ENH Adds support for missing values in Random Forest #26391

thomasjpfan · 2023-05-17T14:52:15Z

Reference Issues/PRs

Follow up to #23595

What does this implement/fix? Explain your changes.

This PR enables missing value support for random forest. I ran the same benchmarks from #23595 with Random Forest. The benchmarks confirms that there are no regressions compared to main when there are no missing values:

Any other comments?

Implementation wise, the forest constructs a boolean array of size (n_features, ) and passes it along to each tree in _fit. This helps preserve the performance compared to main, because the missing value check is only performed once.

sklearn/ensemble/tests/test_forest.py

betatim · 2023-05-24T23:39:15Z

sklearn/ensemble/_forest.py

@@ -632,6 +671,15 @@ def feature_importances_(self):
        all_importances = np.mean(all_importances, axis=0, dtype=np.float64)
        return all_importances / np.sum(all_importances)

+    def _more_tags(self):
+        # Ignore errors because the parameters are not validated


Can you help me understand this a bit more? I was thinking that _safe_tags is the one that would raise an exception here, but as far as I can tell it would raise a ValueError. So I'm confused about where the exception comes from (set_params?) and why that means it is Ok to return an empty {} from _more_tags.

Much of the error catching comes from the estimator not being validated when _safe_tags(estimator) is called. Historically, this results in estimator checks failing because _safe_tags is called before fit.

where the exception comes from

Yes, it was set_params or clone. (self.estimator is not validated at this point)

return an empty {} from _more_tags.

In that case, an error happened and _more_tags can not determine the tags.

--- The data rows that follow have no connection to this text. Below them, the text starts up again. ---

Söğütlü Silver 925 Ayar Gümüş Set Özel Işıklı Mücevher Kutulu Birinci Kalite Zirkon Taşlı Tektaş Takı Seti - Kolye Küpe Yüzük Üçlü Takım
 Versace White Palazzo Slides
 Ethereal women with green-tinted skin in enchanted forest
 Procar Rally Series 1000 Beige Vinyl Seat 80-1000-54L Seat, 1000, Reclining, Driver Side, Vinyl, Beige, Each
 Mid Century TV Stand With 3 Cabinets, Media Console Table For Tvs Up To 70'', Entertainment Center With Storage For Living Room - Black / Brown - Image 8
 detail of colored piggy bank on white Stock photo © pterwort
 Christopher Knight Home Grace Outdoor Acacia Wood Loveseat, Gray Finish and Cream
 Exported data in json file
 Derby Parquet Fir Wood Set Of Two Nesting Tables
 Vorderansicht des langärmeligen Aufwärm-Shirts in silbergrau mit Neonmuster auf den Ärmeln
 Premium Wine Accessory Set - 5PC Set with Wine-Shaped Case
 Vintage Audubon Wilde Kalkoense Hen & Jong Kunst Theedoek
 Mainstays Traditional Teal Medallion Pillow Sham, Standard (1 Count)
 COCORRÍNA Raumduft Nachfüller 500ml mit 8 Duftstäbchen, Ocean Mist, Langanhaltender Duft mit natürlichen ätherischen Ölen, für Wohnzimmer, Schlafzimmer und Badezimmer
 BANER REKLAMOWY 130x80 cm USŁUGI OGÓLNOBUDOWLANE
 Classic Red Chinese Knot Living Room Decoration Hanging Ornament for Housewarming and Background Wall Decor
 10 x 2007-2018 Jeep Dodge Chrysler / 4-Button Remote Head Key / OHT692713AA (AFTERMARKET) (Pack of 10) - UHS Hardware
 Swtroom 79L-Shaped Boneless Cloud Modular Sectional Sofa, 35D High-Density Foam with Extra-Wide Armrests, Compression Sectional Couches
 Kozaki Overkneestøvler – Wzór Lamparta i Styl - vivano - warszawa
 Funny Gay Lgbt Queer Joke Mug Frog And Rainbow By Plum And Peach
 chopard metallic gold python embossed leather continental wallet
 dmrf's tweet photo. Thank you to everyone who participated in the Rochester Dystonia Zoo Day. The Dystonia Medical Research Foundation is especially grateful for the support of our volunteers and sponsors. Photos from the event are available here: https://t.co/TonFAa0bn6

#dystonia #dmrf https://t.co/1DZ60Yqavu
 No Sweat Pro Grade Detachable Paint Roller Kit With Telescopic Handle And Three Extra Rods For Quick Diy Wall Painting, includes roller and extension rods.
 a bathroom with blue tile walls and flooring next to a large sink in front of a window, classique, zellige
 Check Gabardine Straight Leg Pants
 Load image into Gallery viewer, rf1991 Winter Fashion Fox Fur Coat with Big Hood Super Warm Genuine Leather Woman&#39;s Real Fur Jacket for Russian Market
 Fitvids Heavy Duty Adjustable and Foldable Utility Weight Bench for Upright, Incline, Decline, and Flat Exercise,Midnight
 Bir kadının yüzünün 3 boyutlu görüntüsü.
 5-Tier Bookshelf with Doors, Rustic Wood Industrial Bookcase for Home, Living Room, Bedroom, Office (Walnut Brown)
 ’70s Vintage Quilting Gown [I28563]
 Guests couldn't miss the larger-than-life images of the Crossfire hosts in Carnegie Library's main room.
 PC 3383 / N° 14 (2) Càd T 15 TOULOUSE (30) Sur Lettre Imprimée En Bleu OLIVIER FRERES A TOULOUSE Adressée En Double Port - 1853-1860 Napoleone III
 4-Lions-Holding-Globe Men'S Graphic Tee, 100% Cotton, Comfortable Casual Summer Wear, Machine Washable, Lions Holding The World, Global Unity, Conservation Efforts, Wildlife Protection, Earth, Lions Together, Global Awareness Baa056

In those cases, returning an empty dictionary means "can not be determined and use the default tags".

In any case, I updated the PR to be more explicit.

betatim · 2023-05-24T23:40:16Z

Trying to wrap my head around the bit of code I commented on, otherwise I think this looks good already.

…om_forest

Co-authored-by: Tim Head <betatim@gmail.com>

jeremiedbb

Looks good. Maybe you could add a section in the docs, like the HistGradientBossting* have about missing values support.

jeremiedbb · 2023-06-08T15:19:16Z

sklearn/ensemble/_forest.py

+        if self.estimators_[0]._support_missing_values(X):
+            force_all_finite = "allow-nan"
+        else:
+            force_all_finite = True


I think we need to have a discussion about whether or not nans should be treated automatically as missing values. The issue I see here is that if this is in a pipeline and you have a bugged transformer before that which outputs nans, it will be silently ignored by the random forest.

Maybe missing value support should be enabled through a parameter, and/or through the config context. Maybe we should add an after-fit check in our transformers to ensure they did not create nans.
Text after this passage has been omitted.